LISTED ENTRIES Start Marker

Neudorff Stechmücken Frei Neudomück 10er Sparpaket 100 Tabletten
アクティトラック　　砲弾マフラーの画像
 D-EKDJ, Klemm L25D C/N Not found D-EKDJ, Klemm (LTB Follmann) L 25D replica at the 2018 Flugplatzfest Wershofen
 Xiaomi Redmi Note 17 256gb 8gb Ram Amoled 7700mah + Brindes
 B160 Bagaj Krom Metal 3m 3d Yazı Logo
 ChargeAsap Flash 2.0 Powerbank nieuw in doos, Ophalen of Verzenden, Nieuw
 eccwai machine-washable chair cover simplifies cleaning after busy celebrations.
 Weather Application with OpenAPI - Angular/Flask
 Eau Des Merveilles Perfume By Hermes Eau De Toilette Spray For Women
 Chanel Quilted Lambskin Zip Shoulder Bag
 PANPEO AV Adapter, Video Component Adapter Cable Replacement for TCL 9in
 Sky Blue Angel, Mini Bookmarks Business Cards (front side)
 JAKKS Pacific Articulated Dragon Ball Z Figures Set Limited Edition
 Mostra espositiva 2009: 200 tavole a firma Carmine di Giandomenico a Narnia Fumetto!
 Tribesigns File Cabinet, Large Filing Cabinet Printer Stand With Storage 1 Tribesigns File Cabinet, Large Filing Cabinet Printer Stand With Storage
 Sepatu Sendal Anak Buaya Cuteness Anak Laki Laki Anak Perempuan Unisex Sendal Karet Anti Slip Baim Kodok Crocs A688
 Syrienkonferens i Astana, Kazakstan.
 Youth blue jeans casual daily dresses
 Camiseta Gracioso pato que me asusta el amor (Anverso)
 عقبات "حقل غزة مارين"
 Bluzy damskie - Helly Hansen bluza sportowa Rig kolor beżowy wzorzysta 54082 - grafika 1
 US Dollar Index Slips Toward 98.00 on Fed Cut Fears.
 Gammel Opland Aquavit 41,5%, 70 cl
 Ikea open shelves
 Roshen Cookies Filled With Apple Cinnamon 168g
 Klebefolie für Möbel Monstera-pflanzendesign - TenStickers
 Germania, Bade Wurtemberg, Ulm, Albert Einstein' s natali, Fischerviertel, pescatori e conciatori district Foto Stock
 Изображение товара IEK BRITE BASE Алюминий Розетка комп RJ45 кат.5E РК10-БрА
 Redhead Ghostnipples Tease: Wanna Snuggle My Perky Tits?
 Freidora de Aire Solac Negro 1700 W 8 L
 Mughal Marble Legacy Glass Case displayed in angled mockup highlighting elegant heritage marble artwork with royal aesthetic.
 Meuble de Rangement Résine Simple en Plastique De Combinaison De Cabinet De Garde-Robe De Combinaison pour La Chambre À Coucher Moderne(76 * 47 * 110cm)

LISTED ENTRIES End Marker

▶ REQUIREMENT: Starting at the line that contains "Mostra espositiva 2009: 200", copy each line through the last line of the listing, and copy nothing else.

▶ PROBLEM SOLUTION:
 Mostra espositiva 2009: 200 tavole a firma Carmine di Giandomenico a Narnia Fumetto!
 Tribesigns File Cabinet, Large Filing Cabinet Printer Stand With Storage 1 Tribesigns File Cabinet, Large Filing Cabinet Printer Stand With Storage
 Sepatu Sendal Anak Buaya Cuteness Anak Laki Laki Anak Perempuan Unisex Sendal Karet Anti Slip Baim Kodok Crocs A688
 Syrienkonferens i Astana, Kazakstan.
 Youth blue jeans casual daily dresses
 Camiseta Gracioso pato que me asusta el amor (Anverso)
 عقبات "حقل غزة مارين"
 Bluzy damskie - Helly Hansen bluza sportowa Rig kolor beżowy wzorzysta 54082 - grafika 1
 US Dollar Index Slips Toward 98.00 on Fed Cut Fears.
 Gammel Opland Aquavit 41,5%, 70 cl
 Ikea open shelves
 Roshen Cookies Filled With Apple Cinnamon 168g
 Klebefolie für Möbel Monstera-pflanzendesign - TenStickers
 Germania, Bade Wurtemberg, Ulm, Albert Einstein' s natali, Fischerviertel, pescatori e conciatori district Foto Stock
 Изображение товара IEK BRITE BASE Алюминий Розетка комп RJ45 кат.5E РК10-БрА
 Redhead Ghostnipples Tease: Wanna Snuggle My Perky Tits?
 Freidora de Aire Solac Negro 1700 W 8 L
 Mughal Marble Legacy Glass Case displayed in angled mockup highlighting elegant heritage marble artwork with royal aesthetic.
 Meuble de Rangement Résine Simple en Plastique De Combinaison De Cabinet De Garde-Robe De Combinaison pour La Chambre À Coucher Moderne(76 * 47 * 110cm)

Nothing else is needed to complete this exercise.